YOUR ASSIGNMENT: Omit every picture, then return the listing verbatim.

DATA SECTION:
[Start of section]
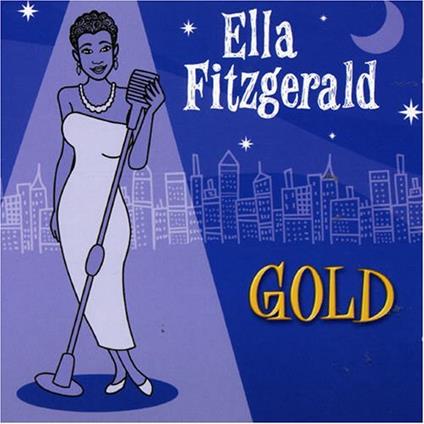 Gold - CD Audio di Ella Fitzgerald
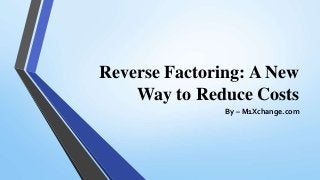 Reverse Factoring: A New
Way to Reduce Costs
By – M1Xchange.com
[End of section]
WRITTEN RESPONSE:
 Gold - CD Audio di Ella Fitzgerald
 Reverse Factoring: A New
Way to Reduce Costs
By – M1Xchange.com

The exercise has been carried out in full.